President Biden’s decision to withdraw from Afghanistan ended an unsustainable U.S. military intervention with no end in sight. Over the last two decades of the war in Afghanistan countless Afghans assisted the American mission by working as interpreters and in civil society and human rights.
Right now, Washington is undertaking a massive evacuation of U.S. citizens and permanent residents, special immigrant visa applicants (SIVs), and other refugees with priority statuses. Kabul’s airport only has one runway and the Taliban have set up checkpoints outside some of its gates and along routes to the airport. Now is not the time for bureaucracy or delay. The United States will only get one opportunity to evacuate as many vulnerable people as possible. Below find four steps the Biden administration can take immediately to accomplish this goal.
Establish a through line between U.S. government agencies and civil society. There are several organizations that have worked around the clock for months on the issue of Special Immigrant Visas (SIVs) and refugees with priority statuses. These organizations are staffed with subject-matter experts who have continuous contact with at-risk individuals and often have significant military or government experience. The Pentagon and Department of State should take advantage of this resource through an organized joint effort. It is also critical that information from U.S. government agencies is distributed through an established pipeline. Ad hoc releases of information and rumor mills have only induced panic.

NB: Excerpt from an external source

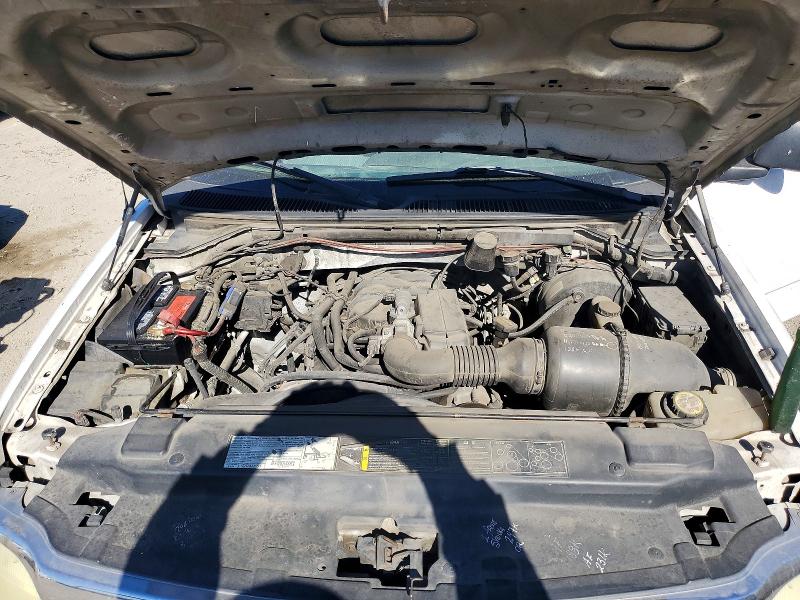 Photo 11 from auction – 2003 FORD F150 with VIN 1FTRX17223NB92206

Secure the airport. With the Taliban in control of Kabul it is increasingly difficult to secure the airport and its immediate surroundings. Nevertheless, a more orderly process would decrease chaos and entry points could be made more efficient to avoid trapping vulnerable individuals who are turned away or asked to wait and find themselves stuck in limbo between airport gates and Taliban checkpoints. Increasing consular staff and services inside the airport will also help.
Stop fixating on the paperwork. There should not be reports of C-17s departing from Kabul half filled. A fixation on prioritizing certain categories of evacuees over others, minutiae of paperwork, and whether an Afghan national is in contact with a U.S. based organization is slowing down the evacuation process. U.S. soldiers are not trained to serve as customs officials. A minimal set of details should be verified and then individuals should be evacuated to a third country. Details can be worked out in third countries and individuals who do not qualify for entry into the United States can be referred to the UNHCR or third countries. President Biden himself appeared to endorse this approach in an interview with ABC’s George Stephanopoulos when he said, “I had a meeting today for a couple hours in the Situation Room just below here. There are Afghan women outside the gate. I told ’em, ‘Get ’em on the planes. Get them out. Get them out. Get their families out if you can.’”
Use backdoor diplomacy where possible. The Taliban have set-up checkpoints, discharged their weapons, and harassed and beat individuals attempting to make their way to the airport. The United States has limited control over these actions, but keeping the communication lines open could prove critical to preventing the situation from deteriorating even more. A clear message should be delivered to the Taliban that slowing down the evacuation is not in their interests.